Ad-banners should contain a static clickable image or text and certainly nothing nothing more than a video clip or animated gif.
Most ads on websites use scripts and cookies and where's there's code, there's going to be criminals that try finding vulnerabilities to drop malware, throw pop-ups or redirect the user. This would be very difficult to perform if ad providers were only allowed to provide a set of ad images and target links to where clicked images lead the user to.
My worst experience for ads was around 2005 when every second or third webpage I opened on most websites (including CD Freaks) resulted in one or two pop-ups. At that stage, I used Ad Block as the ads were severely crippling my satellite connection (300kbps), not to mention eating into my 1.5GB/month usage allowance. Back then, the most common malware was diallers, which on a dial-up connection would drop the existing connection and reconnect the user to a premium rate #.
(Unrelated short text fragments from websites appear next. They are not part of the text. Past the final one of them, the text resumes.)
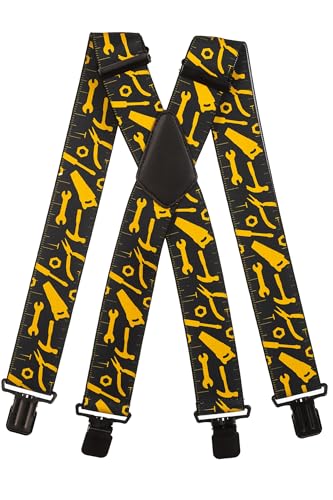 Olata Hosenträger mit Werkzeug-Muster – Robuste, Verstellbare X- und Y-Form, 5 cm Breit, Ideal für Arbeit und Alltag. Schwarz, X-Form (Schwarz Clips) - 5 cm von Olata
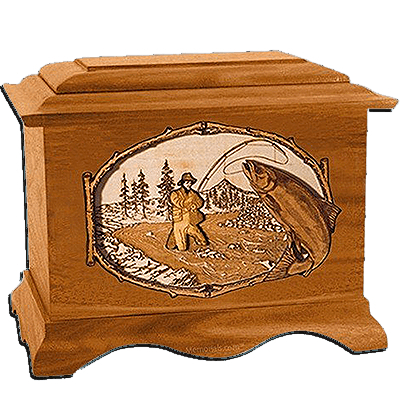 Salmon Stream Mahogany Cremation Urn for Two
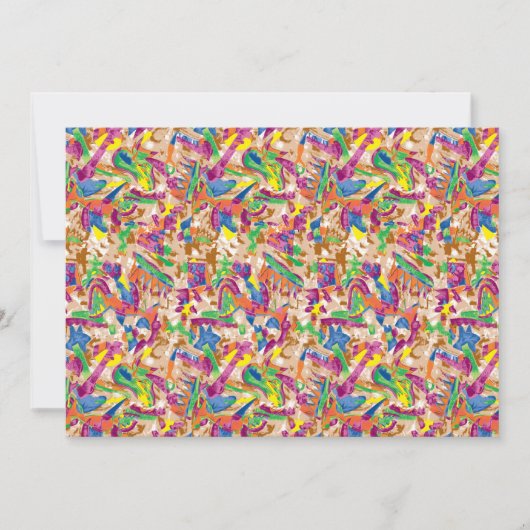 Een levendig modern kunstwerk met een roze en een  bedankkaart (Voorkant)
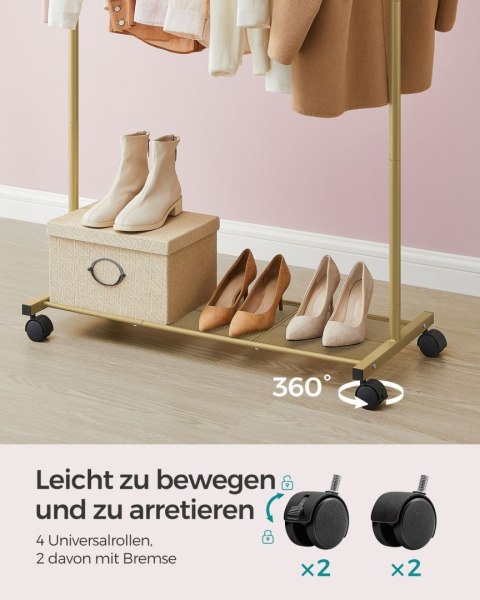 Wieszak na ubrania na kółkach z półką złoty o szerokości 91 cm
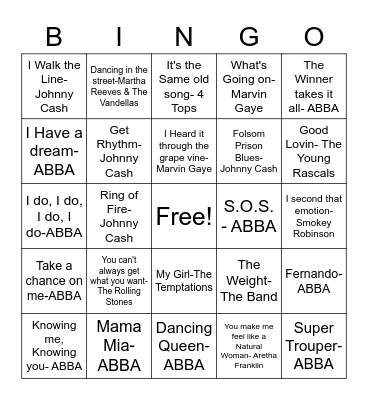 DD15 Sound tracks: Big Chill, Mama Mia, Walk the Line Bingo Card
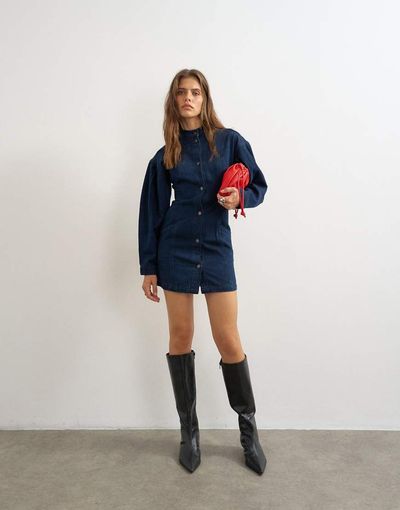 Topshop Topshop balloon sleeve mock neck mini dress in blue denim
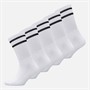 Converse Mens Varsity Stripe Logo Five Pack Crew Socks White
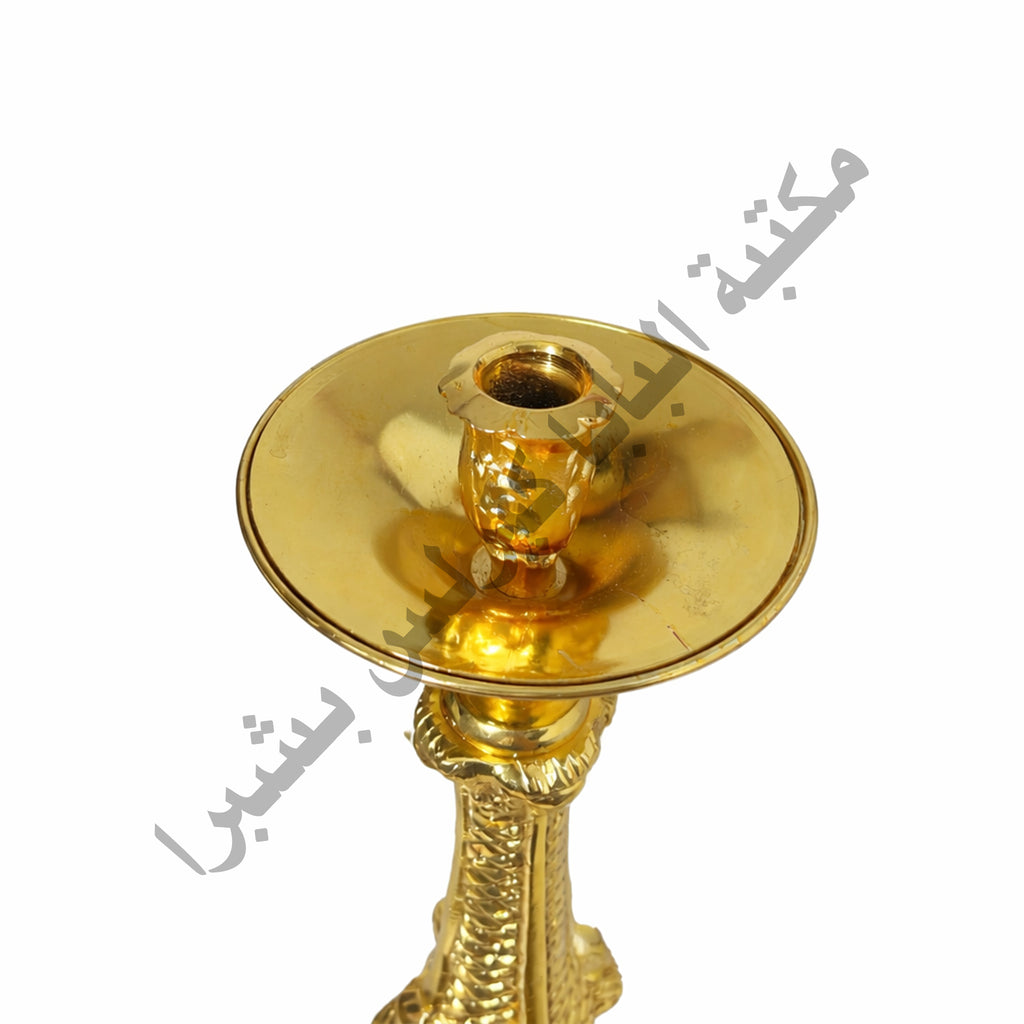 زوج شمعدان نحاس ذهبي شكل الخروف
I haven't used an ad-blocker in a few years and now mainly avoid websites that serve pop-up or flash over advertising. I also stopped using Flash since about a year ago which has also reduced the number of annoying ads. For the few websites I need flash on (mainly BBC News videos), I just open that page in Chrome browser and return to Firefox afterwards.
Personally I don't consider ad-blockers theft. However, I'm sure some people would also argue that ads are stealing their bandwidth, especially on mobile data connections where the user pays per MB.